Self and Story I

by Sid Parham on February 19, 2009 · 1 comment

in A Next Step

story time
Image by mrittenhouse via Flickr

I can’t remember a time when I wasn’t fascinated by stories. I grew up with great story tellers and I know I am shaped by my grandfather’s stories as well as my own. Early on I became fascinated by how stories were told and who told them and thus my career path was shaped. Since coming to the Family Foundation School, I have learned how important shaping our story and telling our story are to the recovery process.

If I were still in that professorial part of my life where I wrote pretensions literary essays, I would title these remarks, “Telling ourselves: the construction of narrative as the construction of self.” What I mean by the construction of self? Isn’t the self just there a given of nature? Without giving a long philosophic set of references that would run through all the greats of Existentialist philosophy and continue until today, I want to argue that our “Self” is a construction and that the basic building blocks of that construction are the ways we explain the seeming random events of this life. Self is, in part, the way we make causal connections to the outside world.

This sense of causality is also at the heart of narrative. As the British novelist E. M Forester wrote; “The king died. The queen died is not a story. The king died: the Queen died of grief is a story.” It is this insistence on a cause that links random events that creates narrative.

If we think about how we educate children and the role popular culture plays in our lives, we will see that this is not a radical idea. The teaching of language and writing through the reading of stories is a not so subtle method of getting small children to grasp the idea of causality without explaining it to them.When they get to a science or a math class where they need to articulate rules about causes, the basic idea is already there imbedded through years of hearing, watching, and reading stories.

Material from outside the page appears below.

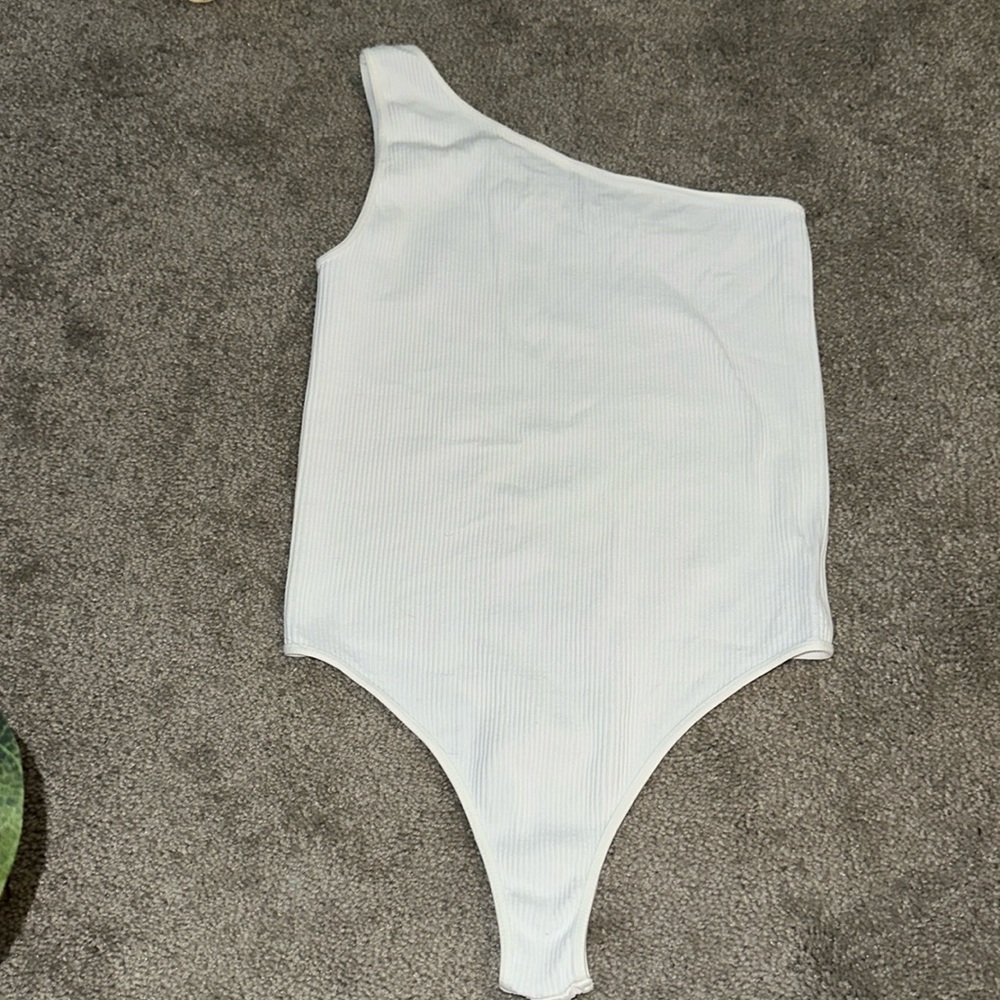Bella Mae Onesize fits all white one shoulder body suit 🤍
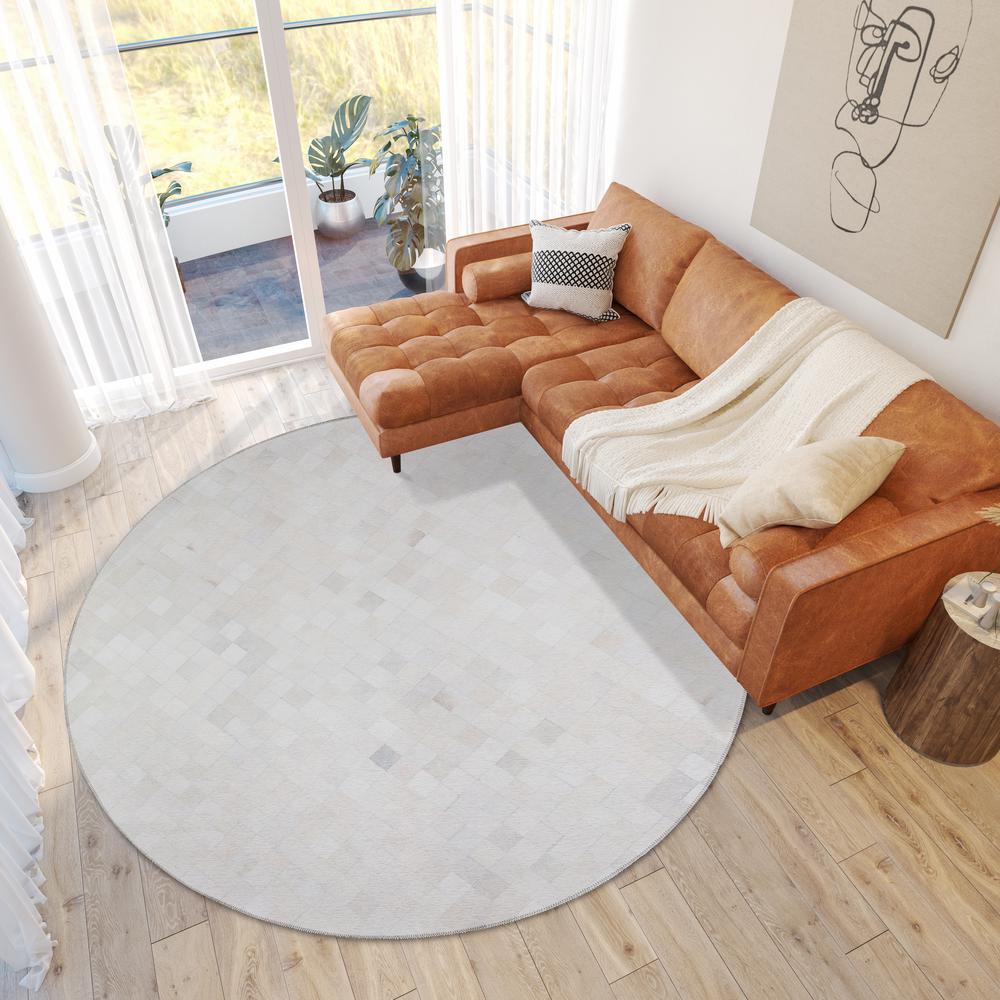 Laredo Ivory Animal Patchwork 8' x 8' Round Rug Ivory ALR32. Picture 1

Additionally stories give us patterns of behavior, judgments on right and wrong, ideals to aspire to, and ways to discuss our feelings by discussing characters. Who has not pretended to be Superman, Wonder Woman, or my favorite childhood super hero—Plastic Man? In short through our culture’s narratives we learn how to examine our life and how to construct a self. Some anthropologists would argue that a culture’s narratives set the pattern and limits of the self in that society.

Story telling then and story reading are essential parts of education. They are also I think essential parts of maturation and recovery.